### Records to use

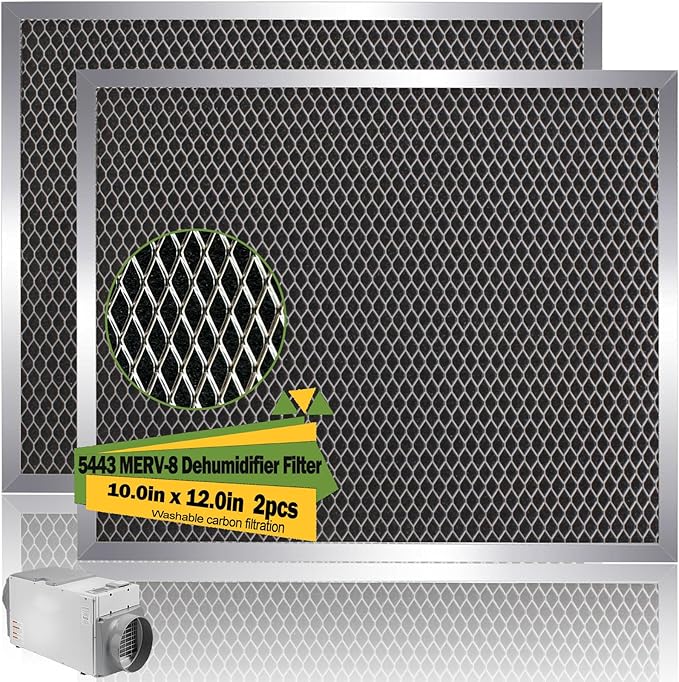 5443 Dehumidifier Filter 10"x12"x1" MERV 8 Washable Compatible with Whole-House Dehumidifiers Models 1830 1850 1852 and Ventilation Models 8191 8192 Replacement Filter 2 Packs - Image 7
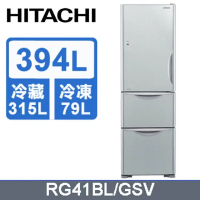 【HITACHI 日立】394公升變頻三門(左開)冰箱RG41BL 泰製-琉璃灰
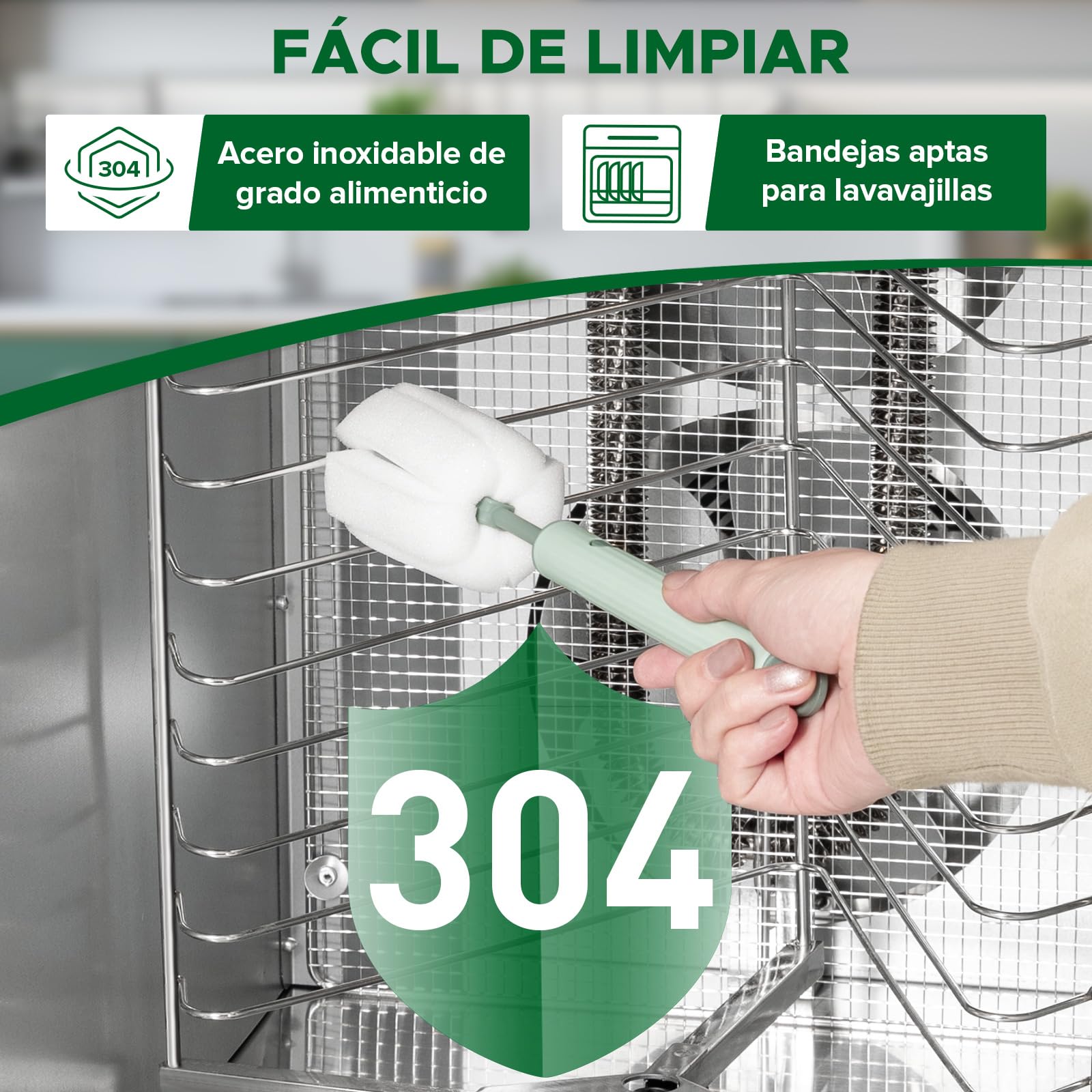 Kwasyo Deshidratador de Alimentos de Acero Inoxidable con 12 Rotar Bandejas, 1000W Secado eficiente de 720° con doble ventilador, Temporizador Temperatura Ajustabledeshidrata fruta, carne, verduras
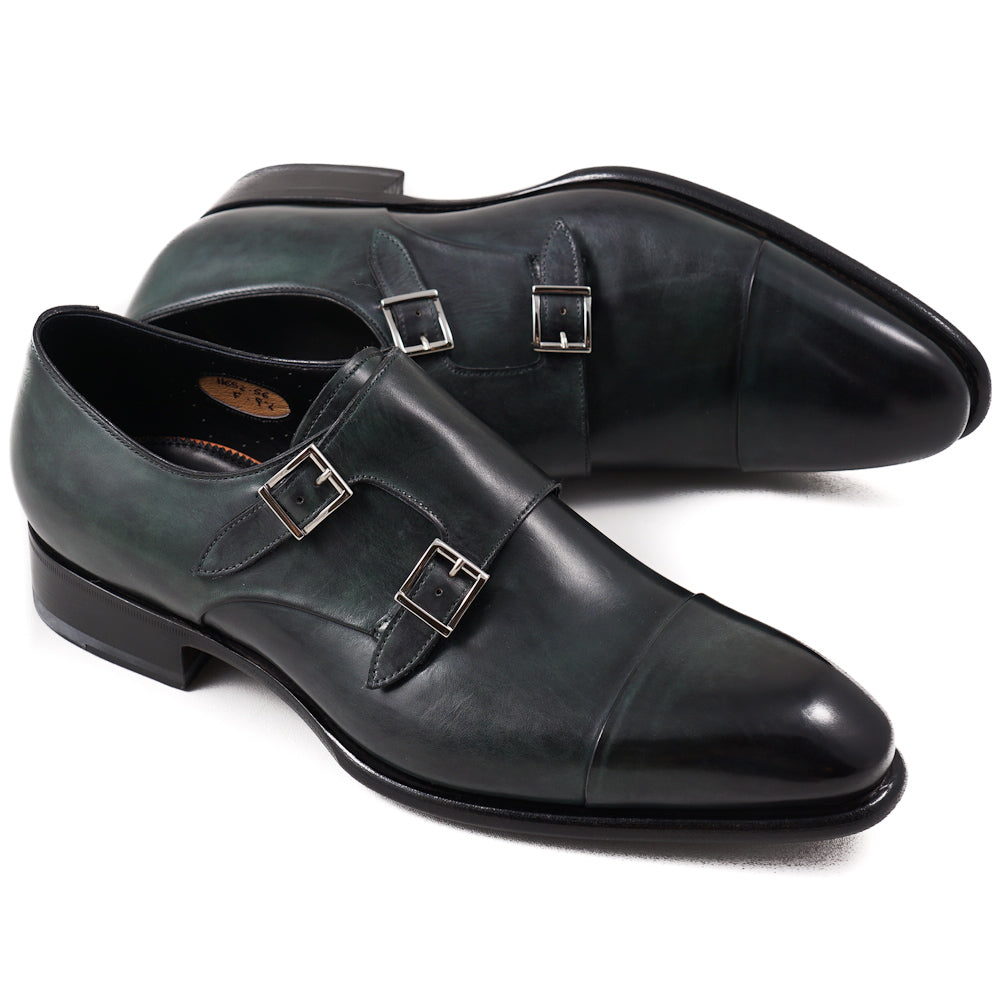 Santoni Dark Green Double Buckle Monk Strap Dress Shoes for Men - Premium Leather Formal & Business Attire for Office, Weddings & Special Occasions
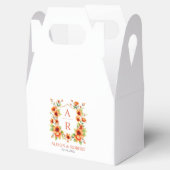 Ballotins Crête de fleur orange et initiales mariage floral (Ouvert)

######

◆ Assigned task ◆
Every record must be set down again exactly; pictures do not belong in the copy.

◆ Answer to the exercise ◆
 5443 Dehumidifier Filter 10"x12"x1" MERV 8 Washable Compatible with Whole-House Dehumidifiers Models 1830 1850 1852 and Ventilation Models 8191 8192 Replacement Filter 2 Packs - Image 7
 【HITACHI 日立】394公升變頻三門(左開)冰箱RG41BL 泰製-琉璃灰
 Kwasyo Deshidratador de Alimentos de Acero Inoxidable con 12 Rotar Bandejas, 1000W Secado eficiente de 720° con doble ventilador, Temporizador Temperatura Ajustabledeshidrata fruta, carne, verduras
 Santoni Dark Green Double Buckle Monk Strap Dress Shoes for Men - Premium Leather Formal & Business Attire for Office, Weddings & Special Occasions
 Ballotins Crête de fleur orange et initiales mariage floral (Ouvert)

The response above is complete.